Now 15 dancers spanning three generations of the Ellicott City Ballet Guild - some were members when the guild was incorporated in 1981 - are reuniting to perform at the Howard County Arts Council's Celebration of the Arts.

Scheduled for April 13 at Jim Rouse Theatre for the Performing Arts at Columbia's Wilde Lake High School, the fifth annual celebration will feature local and national talent who live, work or started their careers in Howard County.

Capturing the theme of patriotism, "The Arts Salute the Stars and Stripes With an Evening at the Stage Door Canteen" will feature a one-act show of performances that represent eras of the nation at war.

"It's the taste of home for people who were in Afghanistan or who were in Vietnam in the '60s," said Anne Barney, an Arts Council board member.

To the music of Glenn Miller's "In the Mood," former and current ballet guild members will dance to a jazz movement that focuses on how people coped with war and then celebrated when it was over.

Caryl Maxwell Gazmen, the guild's artistic director, said the celebration has allowed her to reconnect with her students, which she does not often have time to do because "as performers, we all live very fast-paced lives."

"We have to be so focused on the present show we're working on that we often lose track of people we love dearly that we would like to talk to and make sure they're OK," she said.

Toby's Dinner Theatre owner Toby Orenstein has rounded up a number of former Young Columbians, a performing group of the Columbia Center for Theatrical Arts that she founded, to sing at the event. About 10 past members, including some from the original 1975 group, will perform.

Two former Columbians who have appeared on Broadway - Ric Ryder in Blood Brothers and Grease, and Betsy True-Bloomfeld in Les Miserables and Gypsy - will be featured soloists. Ryder will perform songs from Miss Saigon, and True-Bloomfeld will sing "A Natural Woman."

Orenstein said she singled out the two because they were raised in Howard County and she wanted to give them a chance to show the public how far they have come in their careers.

"With the community being good to Howard arts groups, these people had opportunities that other people in other areas probably did not have," Orenstein said.

More than 20 members of the current Young Columbians will perform songs from the 1960s to the present, including "Let the Sunshine In," "What the World Needs Now Is Love" and "Where Have All the Flowers Gone?"

Before the one-act show - which will also highlight Danny Kaye impersonator Brian Childers of Washington, Howard County Ballet and Harbor City Music Company - swing dance lessons will be offered by Columbia choreographers Carolyn Kelemen and Lester Holmes.

The Fabulous 50+ Players, Heart of Maryland Chorus and Reisterstown Jazz Ensemble will be among the performers entertaining the crowd before the main show. The public will be able to bid on a variety of county artists' works, including paintings and jewelry, at a silent auction.
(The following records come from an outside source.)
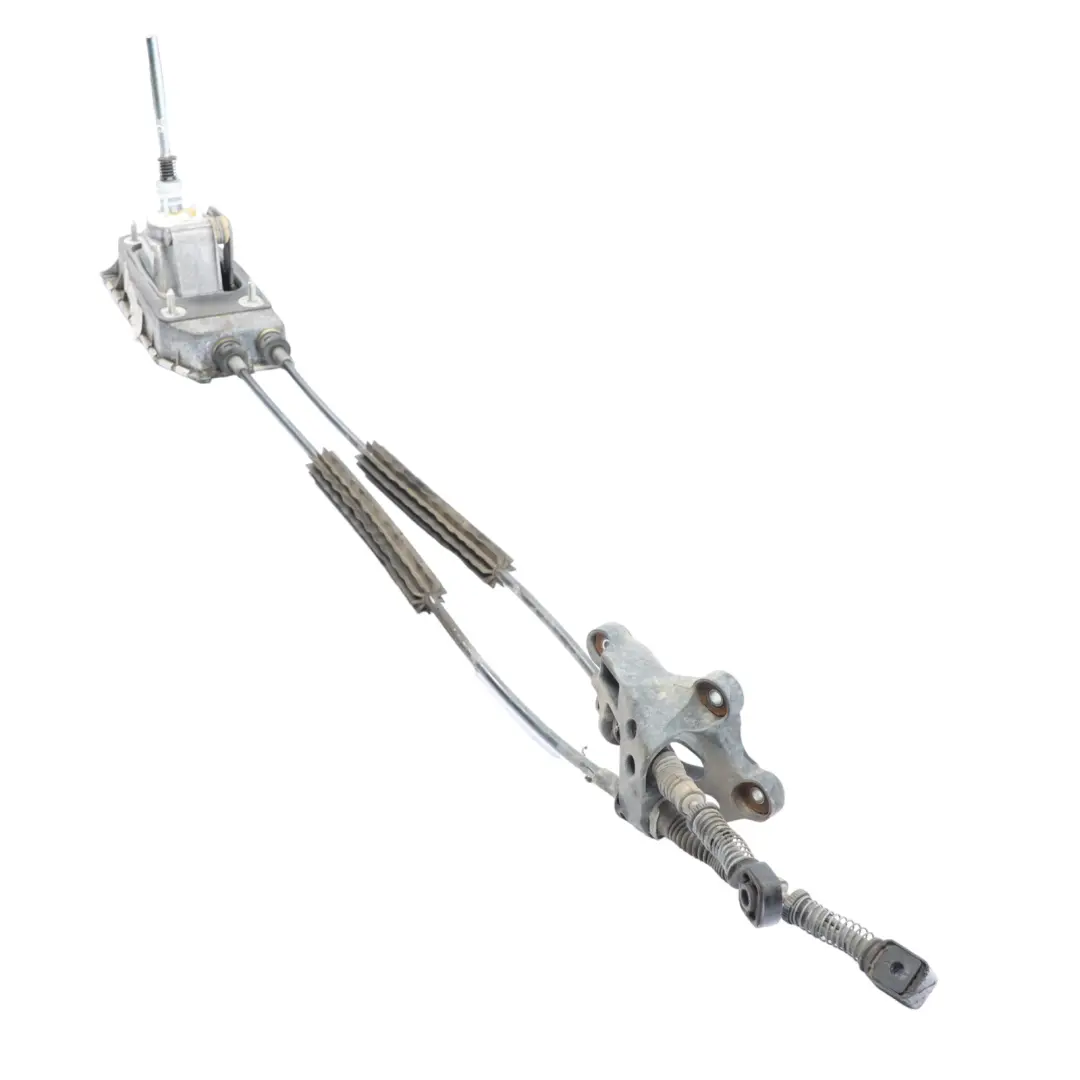 6J Cambio Selector Pomo Palanca 5 Velocidad Manual para Seat Ibiza con número de pieza 6Q0711049CG Seat Ibiza 6J Cambio Selector Pomo Palanca 5 Velocidad Manual - SKU 6Q0711049CG - Número de pieza 6Q0711049CG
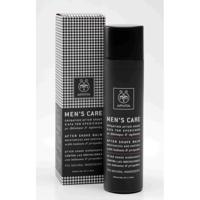 Apivita Men's Care After Shave Balm & Propolis 100ml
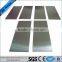 High pure cobalt plate sheet for sale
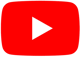 YouTube logo copy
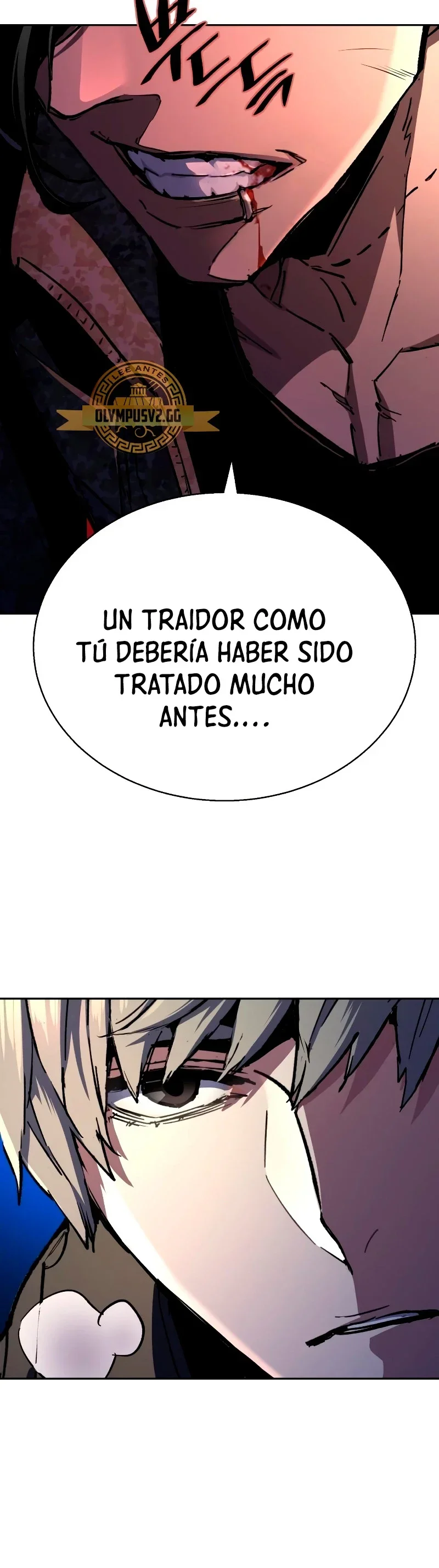 Capítulo 155, página 31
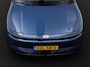 Hyundai Ioniq 3 Prime Sky 61 kWh | Beschikbaar 07-04-2026 | Panoramadak | Adaptieve Cruise Control | 360 graden Camera | Apple Carplay Android Auto |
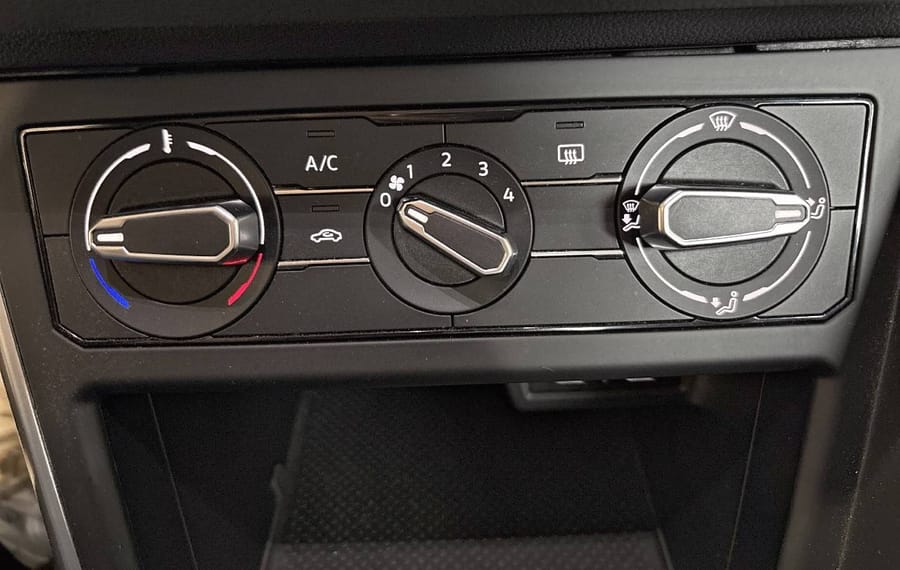 Choisissez votre volkswagen taigo chez CarGo Flex
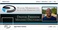 web-banner-design-header_ws_1368721461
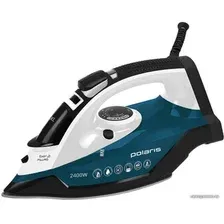 Утюг Polaris PIR 2420AK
Money raised at the event will benefit the nonprofit Arts Council and Jim Rouse Theatre for the Performing Arts. Barney said the council hopes to raise at least $75,000.

In the past four years combined, the fund-raiser has netted the group $253,000, she said.

Barney said this year's arts celebration is especially important because many nonprofits have faced recent challenges in raising money because the public generously contributed to organizations related to Sept. 11 relief efforts. The Arts Council is also expecting a cut in its funding from the Maryland State Arts Council and possibly from the county, she said.

"Gazmen said the celebration will allow the performers - many of whom have benefited from Arts Council grants - to not only inspire young performers, but also show their appreciation to the county and Arts Council.

"It's our way to say thank you in the best way we know how - giving a performance," Gazmen said. "And I love that, I love being able to say it with dance."

Tickets for the Celebration of the Arts in Howard County are on sale for $40 or $75. Information: 410-313-2787.